Saco Delgado

Personal information
- Nationality: Hong Kong & USA
- Born: 22 November 1930 Hong Kong
- Died: 16 August 1997 (aged 66) Santa Clara, California

Medal record
Representing Hong Kong
Commonwealth Games
| Gold medal – first place | 1970 Edinburgh | men's rinks/fours |
| Gold medal – first place | 1978 Edmonton | men's pairs |
World Outdoor Championships
| Gold medal – first place | 1972 Worthing | men's pairs |
| Bronze medal – third place | 1972 Worthing | men's fours |

= Clementi Cecil Delgado =

Hong Kong and United States international lawn and indoor bowler

Clementi Cecil Delgado better known as Saco Delgado (1930-1997), was a Hong Kong international lawn and indoor bowler.

==Bowls career==
Delgado was born in Hong Kong in 1930 to Portuguese parents and was an accountant before he started bowling in 1958. He won the Hong Kong lawn bowls championship ten times before winning the rinks/fours gold medal at the 1970 British Commonwealth Games in Edinburgh.

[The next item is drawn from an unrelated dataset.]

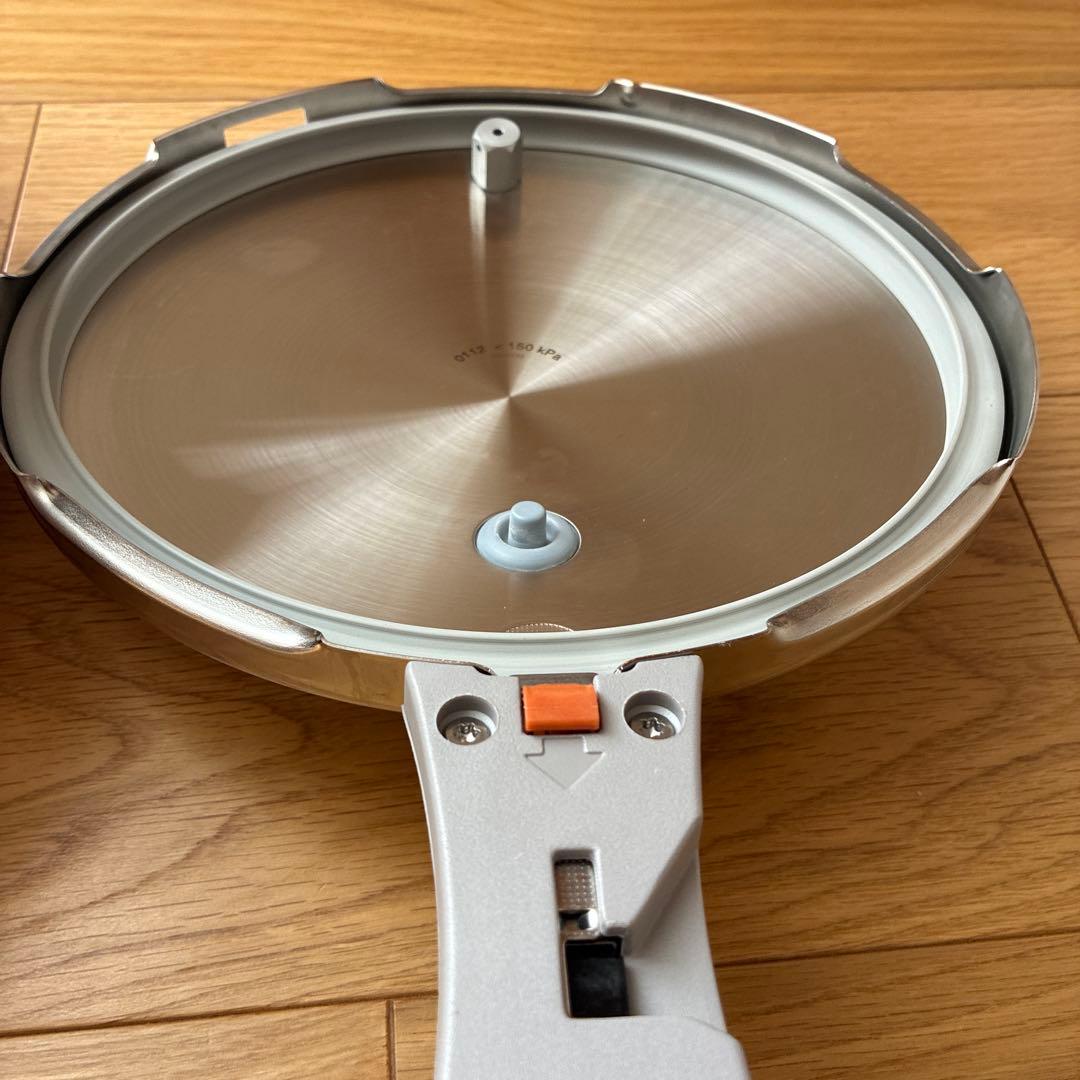 【新品・未使用】タッパーウェア　レインボークッカー　圧力鍋　4.5L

He won the gold medal in the pairs with Eric Liddell at the 1972 World Outdoor Bowls Championship in Worthing in addition to a bronze medal in the fours event. In 1978 he won another gold medal in the men's pairs with Liddell at the 1978 Commonwealth Games.

==Personal life==
He was a banking official by trade. He became a US citizen in 1984.